聖書:フィリピの信徒への手紙 2章1−11節   説教:
そこで、あなたがたに幾らかでも、キリストによる励まし、愛の慰め、“霊”による交わり、それに慈しみや憐れみの心があるなら、 同じ思いとなり、同じ愛を抱き、心を合わせ、思いを一つにして、わたしの喜びを満たしてください。
何事も利己心や虚栄心からするのではなく、へりくだって、互いに相手を自分よりも優れた者と考え、 めいめい自分のことだけでなく、他人のことにも注意を払いなさい。 互いにこのことを心がけなさい。それはキリスト・イエスにもみられるものです。
キリストは、神の身分でありながら、神と等しい者であることに固執しようとは思わず、 かえって自分を無にして、僕の身分になり、人間と同じ者になられました。人間の姿で現れへりくだって、死に至るまで、それも十字架の死に至るまで従順でした。 このため、神はキリストを高く上げ、あらゆる名にまさる名をお与えになりました。

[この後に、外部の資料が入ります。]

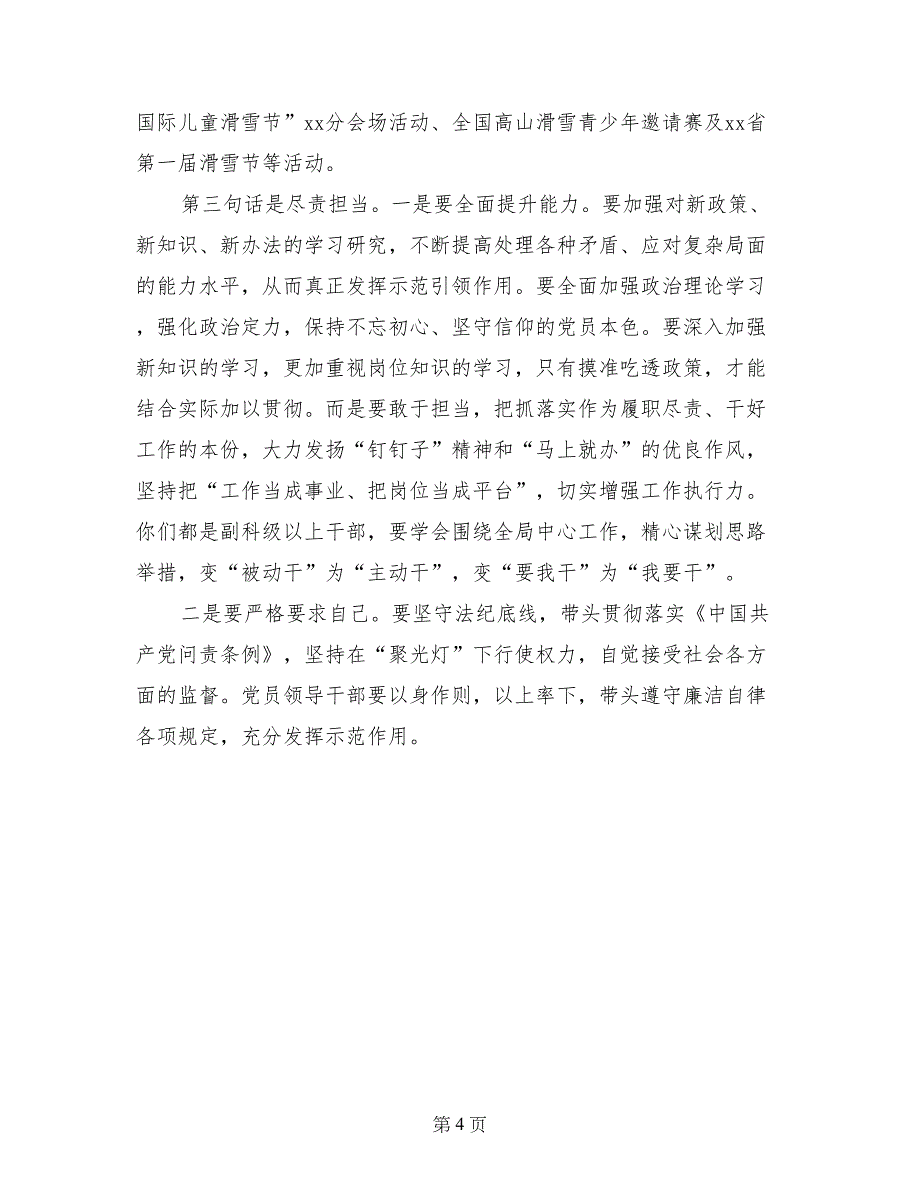 广电局党组“两学一做”学习教育第三次专题研讨会讲话稿_第4页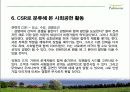 풀무원 CSR 사례 연구  17페이지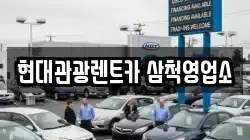 현대관광렌트카 삼척영업소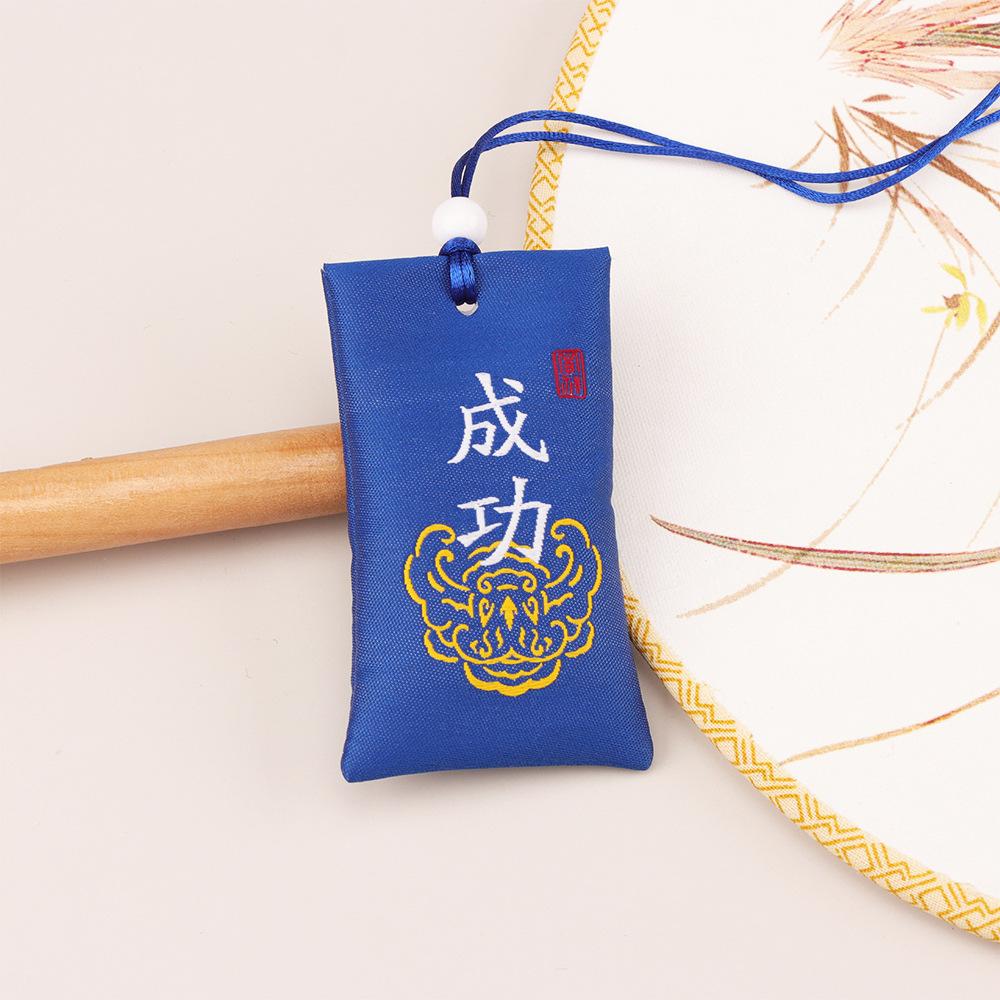 Retro Sachet Sachet Ancient Style Purse Hanfu Accessories Embroidery Logo Chinese Style Prayer Empty Sachet Bag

こうして、天上のもの、地上のもの、地下のものがすべて、イエスの御名にひざまずき、すべての舌が、「イエス・キリストは主である」と公に宣べて、父である神をたたえるのです。

   「我はその独り子、我らの主イエス・キリストを信ず」の告白は、神の側からすれば「独り子」であり、私たち人間の側からすれば「我らの主イエス・キリスト」という告白です。

イエス様をどう告白するかは、いつの時代でも問われる教会の課題です。私たちは代々の教会と共に、神の「独り子」と告白しますが、現代でもそれを認めない人々がいますし、時の体制に敢然と立ち向かう愛の革命家という人もいます。その方が理性的です。しかし体制を変えても別の体制には別の悪があります。人間の根本的な救いは人となられた「独り子」による以外にないのです。
 
どのような意味で救い主なのでしょうか。
「主」とは、所有者、支配者で、神様に付けられる称号です。それまでは、私の主は私だと思って生きてきましたが、イエス様が真実の主でいたまいます。
「キリスト」は、メシヤ「油注がれた者」 の意味で、その働きを表します。王と祭司と預言者が任職される時、油が注がれました。イエス様は生涯を通して神のお心を語り、ご自身を全き犠牲として十字架にかかって私たちを執り成し、罪と死から私たちを守り、天に住まわせ給う真の預言者、祭司、王なのです。
偽り、不誠実、傲慢、自分中心、人の過ちを赦さない不寛容、こだわりと思い患い。こんな私たちが「主イエス・キリストを信じ」私の内にお迎えする時、そこから解放されます。
 
宗教改革者カルバンは、その働きの忙しさの中で、体が不調な時も「わたしの主は私ではない。主はイエス・キリスト」と言い続けてその身を整えたのでした。